Read how Jesus is changing lives among the unreached of Asia!

 
 

Before I became a Christian, I was quite stubborn and very self-confident — basically, I was the kind of person who was hard to teach. Though I was a Buddhist by religion, I didn’t really revere Buddhism itself. Instead, I loved and had faith in my ancestors, angels, and deities. It was more like I worshipped love itself. There was this phrase I always used: “Even if you’re a monk, it doesn’t mean you can teach me.” I rarely went to temples. But I considered myself a good person in my own way — I didn’t harm or take advantage of others, I liked helping people. You could say I had both good qualities and arrogance. I didn’t really get along with most people. I faced many problems in life, but I never chose to follow someone I thought was worse than me just to gain some benefit.

I clung to and held on to goodness — but not religion. To me, religion didn’t reach the heart. It felt superficial, like it didn’t answer the questions that were truly in my soul.

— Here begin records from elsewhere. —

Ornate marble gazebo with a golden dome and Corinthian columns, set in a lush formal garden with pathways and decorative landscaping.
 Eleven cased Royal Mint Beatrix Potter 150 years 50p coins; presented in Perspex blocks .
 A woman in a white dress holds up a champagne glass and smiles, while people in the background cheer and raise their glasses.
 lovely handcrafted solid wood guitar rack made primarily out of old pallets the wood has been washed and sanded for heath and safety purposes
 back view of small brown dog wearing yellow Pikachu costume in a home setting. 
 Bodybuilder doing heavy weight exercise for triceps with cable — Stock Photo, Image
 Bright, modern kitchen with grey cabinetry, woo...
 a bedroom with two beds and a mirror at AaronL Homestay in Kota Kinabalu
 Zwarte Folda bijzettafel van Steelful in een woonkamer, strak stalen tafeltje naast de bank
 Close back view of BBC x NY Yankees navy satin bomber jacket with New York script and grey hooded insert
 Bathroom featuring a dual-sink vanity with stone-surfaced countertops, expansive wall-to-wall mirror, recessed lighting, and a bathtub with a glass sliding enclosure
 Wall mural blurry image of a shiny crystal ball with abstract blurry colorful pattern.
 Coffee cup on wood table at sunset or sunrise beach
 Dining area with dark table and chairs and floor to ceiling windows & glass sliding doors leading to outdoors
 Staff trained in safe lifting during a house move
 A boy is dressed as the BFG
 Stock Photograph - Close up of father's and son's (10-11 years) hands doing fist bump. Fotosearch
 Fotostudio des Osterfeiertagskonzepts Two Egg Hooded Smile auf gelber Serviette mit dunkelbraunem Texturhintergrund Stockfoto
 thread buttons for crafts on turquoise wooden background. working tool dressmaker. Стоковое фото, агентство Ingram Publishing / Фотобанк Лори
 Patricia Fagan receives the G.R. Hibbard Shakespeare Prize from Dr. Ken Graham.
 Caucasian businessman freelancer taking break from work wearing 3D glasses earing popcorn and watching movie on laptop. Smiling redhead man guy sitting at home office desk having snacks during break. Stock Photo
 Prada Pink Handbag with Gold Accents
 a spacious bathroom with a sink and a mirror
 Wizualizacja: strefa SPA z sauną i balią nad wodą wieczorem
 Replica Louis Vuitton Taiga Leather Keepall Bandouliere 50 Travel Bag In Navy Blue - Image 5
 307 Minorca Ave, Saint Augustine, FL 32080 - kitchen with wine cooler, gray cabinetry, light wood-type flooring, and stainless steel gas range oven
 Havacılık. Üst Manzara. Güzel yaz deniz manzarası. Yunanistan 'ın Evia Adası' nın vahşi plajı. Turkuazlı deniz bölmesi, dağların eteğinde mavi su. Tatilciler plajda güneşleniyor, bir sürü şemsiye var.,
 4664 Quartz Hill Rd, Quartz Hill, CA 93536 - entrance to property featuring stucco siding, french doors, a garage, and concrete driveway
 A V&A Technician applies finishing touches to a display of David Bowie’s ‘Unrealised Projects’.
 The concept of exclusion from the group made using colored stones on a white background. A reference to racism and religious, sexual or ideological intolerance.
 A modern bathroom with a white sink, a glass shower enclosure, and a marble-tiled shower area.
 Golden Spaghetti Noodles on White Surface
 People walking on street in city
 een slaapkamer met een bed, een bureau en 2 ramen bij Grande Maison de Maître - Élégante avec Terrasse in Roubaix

So by the time things changed, I wasn’t really strict about my former religion anymore. Then my daughter met a Christian. She asked me if I would support her changing her religion, and I said yes. She started dating him and later got married in a Christian ceremony, and I was genuinely happy for her, without any conditions. I told her, “Now that you’ve chosen this path, give it your all.”

After that, I had the opportunity to go to church many times. I started to like it, started to follow. And honestly, it made sense — there are fish, there are rivers, there are mountains, there’s air to breathe. So there must be a creator god. I began to thank God in my heart. I began to love God, to accept the teachings of the Bible. At first, it was all good — I loved, I believed — but I hadn’t made the decision yet to really put my faith in him. I kept postponing it. I told myself, “Let me finish my duty as a daughter in my original religion first.” But after a while, I realized: no matter what religion I was in, I’m still my daughter’s mother — why waste more time? I wanted to ask God for blessings too.

So I Asked Jim, “I want to become a real Christian now. What do I need to do?” He told me I had to accept three things:


1. Believe that God is the one and only true God.
2. Admit that I am a sinner who cannot cleanse my sins by myself .
3. Believe that this one true God sent his son jesus to die for my sins, that he is the only one who can save me, and to follow him.

So I prayed with Jim & Yuyie to give my life to jesus. later, Jim baptized me. After being baptized, I was overwhelmed with joy, to the point of tears. I felt like — now I have a Father. now i know I have someone I can truly rely on. I felt warmth on the inside. The deep loneliness I used to carry disappeared. God is with me all the time now. Everything in my life has started to get better. I no longer long for the things I had lost. I believe that God will help me. I am someone God has made new.